Juru Bicara OPM, Sebby Sambon dalam surat elektroniknya dari Vanimo Papua Nugini mengatakan militer Indonesia berlebihan menghadapi kelompok bersenjata dan cenderung tidak adil dalam melakukan peperangan.

OPM menyebut militer Indonesia, pertama menggunakan pesawat tanpa awak untuk pemanduan dan foto udara, guna mendapatkan informasi lengkap tentang tempat tinggal atau Markas TPNPB OPM di Tembagapura.

Kedua, pasukan TNI dan Polri yang dikerahkan dalam operasi itu mencapai 5.000 personel. Sehingga OPM mengibaratkan "hanya lawan satu pucuk senjata TPNPB-OPM, namun mengirim 5.000 personel militer dan polisi di Tembagapura."

Pasukan Organisasi Papua Merdeka dengan bendera mereka/Ilustrasi.s

Kelompok bersenjata Papua Merdeka.

Ketiga, OPM menganggap TNI dan Polri melanggar statuta Roma tentang Hukum Humaniter Perang Internasional. “Artinya, perlawanan dalam perang harus seimbang. Yang dimaksud adalah kekuatan pasukan ataupun peralatan perang harus seimbang," kata Sebby.
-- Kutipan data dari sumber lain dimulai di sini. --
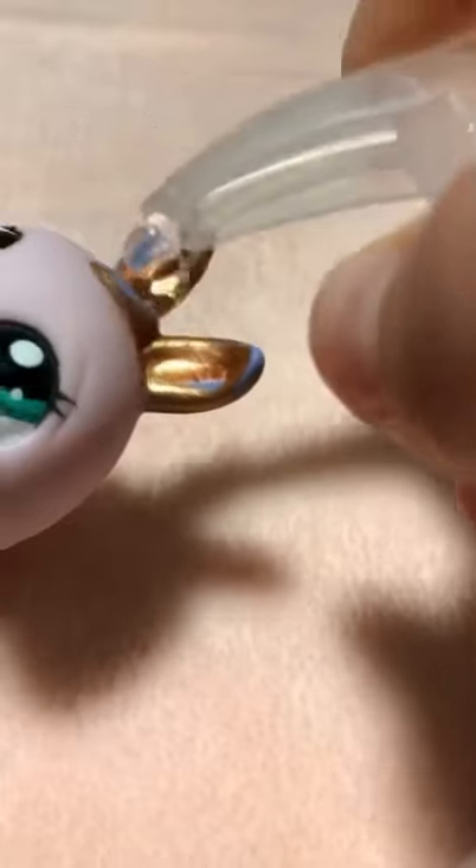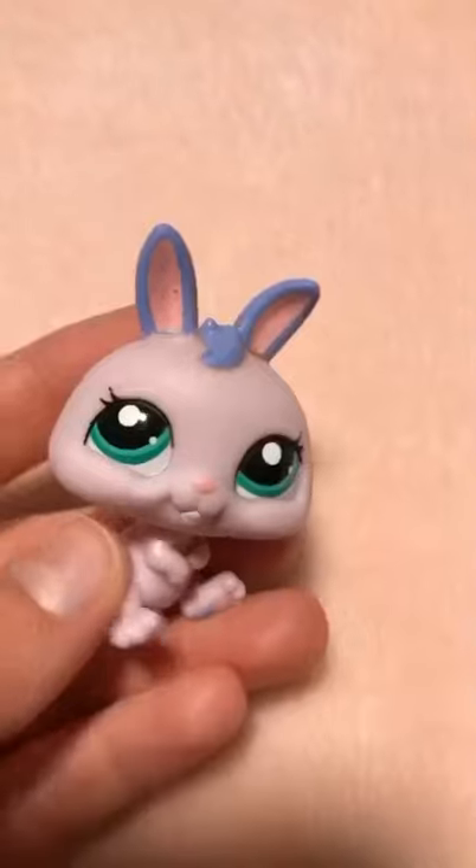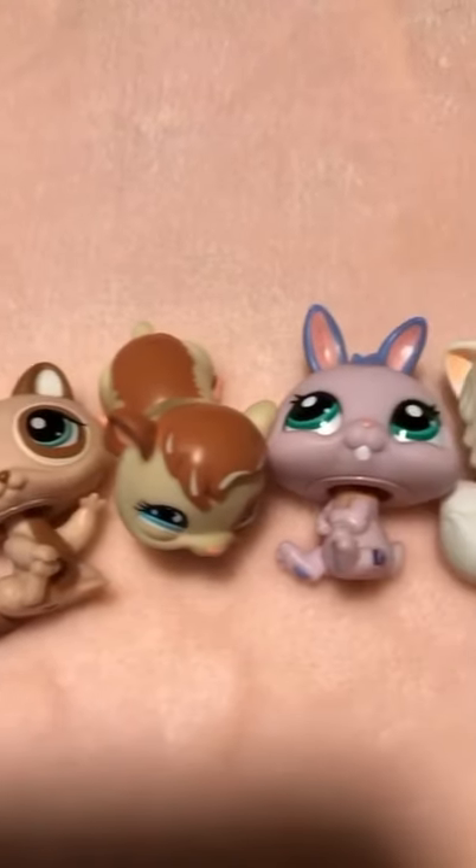Hand sanitizer can remove nail polish without damaging the paint underneath. Using toothpicks helps to remove the nail polish. Now our LPS are squeaky clean.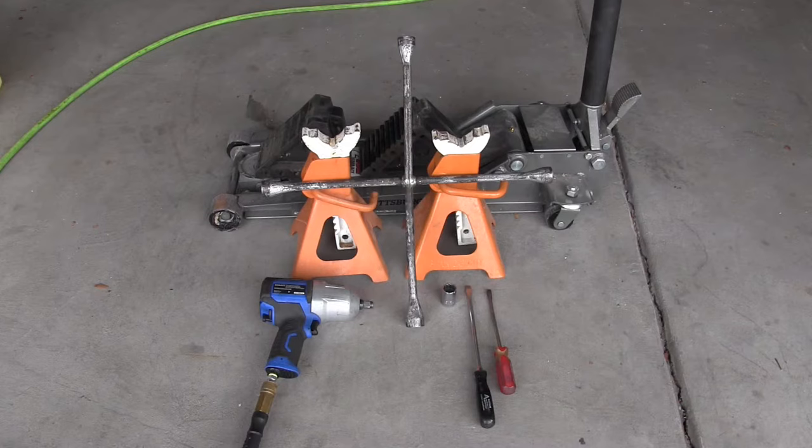Tools you'll need to complete this project: a jack and some jack stands, some tire chocks, a lug wrench or an air hammer with a 19 millimeter socket, and a straight edge screwdriver.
Atas dasar itu, Sebby memperingatkan bahwa selama perang berlangsung di Tembagapura antara TPNPB OPM dan militer Indonesia, tidak dapat dibolehkan menggunakan mobil, truk, dan bus milik perusahaan ataupun milik rumah sakit. Juga tidak boleh menggunakan mobil Palang Merah Internasional.

“Tentara Pembebasan Nasional Papua Barat menegaskan bahwa jika pasukan militer dan polisi Indonesia merasa jagoan, tunjukkan sikap kejantananmu dalam dunia perang saat ini di Tembagapura," kata Sebby.

Ia pun menantang TNI-Polri perang tidak menggunakan kendaraan milik perusahaan Freeport, juga tidak menggunakan mobil ambulans, juga tidak mengunakan mobil Palang Merah Internasional, dan tidak melakukan serangan militer dari udara di markas TPNPB-OPM.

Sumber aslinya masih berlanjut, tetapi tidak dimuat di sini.